WHAT YOU SHOULD DO: After finding the line with "STAUB 24cm红色" in the entries below, retype exactly each line from there through the line with "Island Merge War", including that final line.

Short web captions:

- Opening Delimiter -

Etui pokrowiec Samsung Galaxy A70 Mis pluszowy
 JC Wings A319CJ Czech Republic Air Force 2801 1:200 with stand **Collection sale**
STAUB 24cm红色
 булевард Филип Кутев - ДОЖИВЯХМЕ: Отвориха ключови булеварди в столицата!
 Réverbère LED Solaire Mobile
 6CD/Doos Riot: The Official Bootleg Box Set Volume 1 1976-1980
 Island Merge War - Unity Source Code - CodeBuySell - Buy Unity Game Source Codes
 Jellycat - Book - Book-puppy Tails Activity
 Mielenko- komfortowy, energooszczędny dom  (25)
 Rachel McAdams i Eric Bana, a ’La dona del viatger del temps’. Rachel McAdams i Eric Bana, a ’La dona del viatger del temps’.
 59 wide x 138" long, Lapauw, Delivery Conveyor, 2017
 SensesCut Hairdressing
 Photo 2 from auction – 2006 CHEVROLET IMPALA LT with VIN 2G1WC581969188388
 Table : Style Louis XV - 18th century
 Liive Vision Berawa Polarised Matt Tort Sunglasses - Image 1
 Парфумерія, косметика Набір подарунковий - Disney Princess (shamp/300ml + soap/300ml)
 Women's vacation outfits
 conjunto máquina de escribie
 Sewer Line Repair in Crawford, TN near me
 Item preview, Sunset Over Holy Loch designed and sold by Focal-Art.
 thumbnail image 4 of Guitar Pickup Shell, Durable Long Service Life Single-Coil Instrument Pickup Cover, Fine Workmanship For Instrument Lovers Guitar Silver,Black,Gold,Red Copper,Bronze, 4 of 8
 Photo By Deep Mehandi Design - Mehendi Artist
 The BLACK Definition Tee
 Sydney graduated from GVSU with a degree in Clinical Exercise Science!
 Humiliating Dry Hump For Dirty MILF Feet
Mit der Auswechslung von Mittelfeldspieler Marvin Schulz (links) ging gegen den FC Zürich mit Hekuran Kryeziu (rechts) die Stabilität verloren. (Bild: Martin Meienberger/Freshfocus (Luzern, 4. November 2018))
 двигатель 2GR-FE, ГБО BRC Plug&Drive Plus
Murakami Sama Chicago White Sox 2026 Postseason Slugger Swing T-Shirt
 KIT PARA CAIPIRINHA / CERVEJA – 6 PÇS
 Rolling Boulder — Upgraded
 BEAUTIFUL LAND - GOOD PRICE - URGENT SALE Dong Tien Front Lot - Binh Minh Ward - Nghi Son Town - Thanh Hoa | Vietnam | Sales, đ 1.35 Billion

- Closing Delimiter -

RESPONSE TO THE TASK:
STAUB 24cm红色
 булевард Филип Кутев - ДОЖИВЯХМЕ: Отвориха ключови булеварди в столицата!
 Réverbère LED Solaire Mobile
 6CD/Doos Riot: The Official Bootleg Box Set Volume 1 1976-1980
 Island Merge War - Unity Source Code - CodeBuySell - Buy Unity Game Source Codes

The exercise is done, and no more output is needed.